Accepted Lightning Talks

From shoe tribes to Dear Johns: collective strategic planning through participatory design in practice
Looking to spice up your strategic planning process and discover some fresh ideas? This lightning talk will describe how design thinking was used to engage both faculty and staff in productive strategic planning activities within a community college library. By adopting and refashioning the Design Operations Canvas and utilizing group work tools such as “shoe tribes” and co-authoring, this brief demonstration will highlight how the College of Southern Nevada attempted to include all employees in the strategic planning process in order to demonstrate the value and benefits of encouraging feedback from multiple sources of knowledge and experience. This talk will also highlight how these participatory processes were used as a starting point for uncovering general core values and themes to be applied to  the formal development of the library’s strategic plan, as experienced through each unique role held by its dynamic blend of employees.
Speaker: Rebecca Blunk, College of Southern Nevada
Primary Tag: Administration, Management, and Leadership

Shifting the Academic Library Paradigm: Meeting Undergraduate Student Information Needs through a Holistic Approach
Is it time for a paradigm shift? How can we motivate students to use academic library resources? This presentation will share a proposed model grounded in information seeking and motivational frameworks that was tested as part of a study to more deeply understand why undergraduate students are turning to sources beyond the academic library and to explore ways to reverse these trends. The viability of expanding the role of the academic library to meet both the academic and everyday life information needs of students will also be explored. This mixed methods study was implemented at three large, public 4-year universities geographically distributed across the United States.
Speaker: Rebecca Croxton, Dr.
Primary Tag: Administration, Management, and Leadership

Making changes: reconceptualizing the library system in a time of crisis
The library system of the University of Puerto Rico has been immersed in a process of evaluation, analysis and dialogue to re-organize its organizational structure and re-conceptualize its nature.

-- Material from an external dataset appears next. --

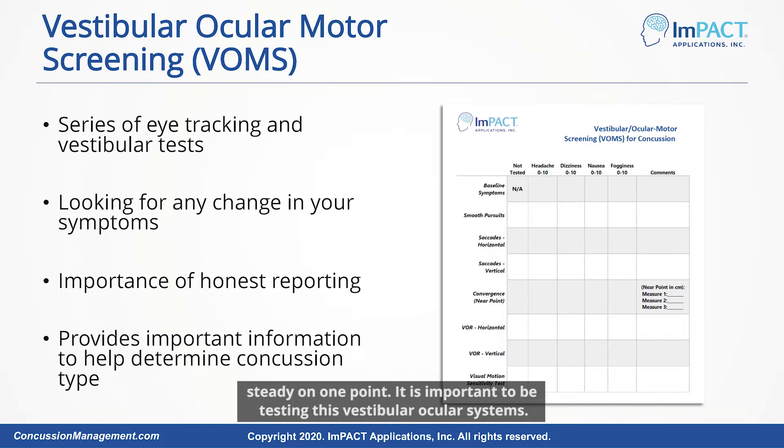It is important to be testing these vestibular ocular motor systems. It's going to give you quite a bit of information as to where their deficits are and where we can cater the rehab going forward.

This process responds to the need to guarantee excellent library services, while the Institution goes through a unique budgetary crisis, which is a reflection of the precarious economic situation on the island. Also, the institution suffered the devastation caused by Hurricane Maria, and efforts of recovery will be shared. The experience that will be shared demonstrates the role of a new leader and how she began to work to change the organizational culture through the sharing of a new vision for their future, and how a new re-conceptualization plan for the library system was developed.
Speaker: Noraida Dominguez, University of Puerto Rico
Primary Tag: Administration, Management, and Leadership

Providing Market Research Services to the Provost’s Office
In Fall 2017, the University of Pittsburgh’s University Library System was approached by the Provost’s office about conducting market research reports for internal strategic decision making. They were interested in developing in-house research capabilities to assist in deciding when to expand, discontinue, and start new professional degree programs. In particular, they were looking for information on the competitive landscape for the program (i.e. what are other university’s are offering) and the labor market available to graduating students (i.e. whether the program will provide students with the skills employers are looking for).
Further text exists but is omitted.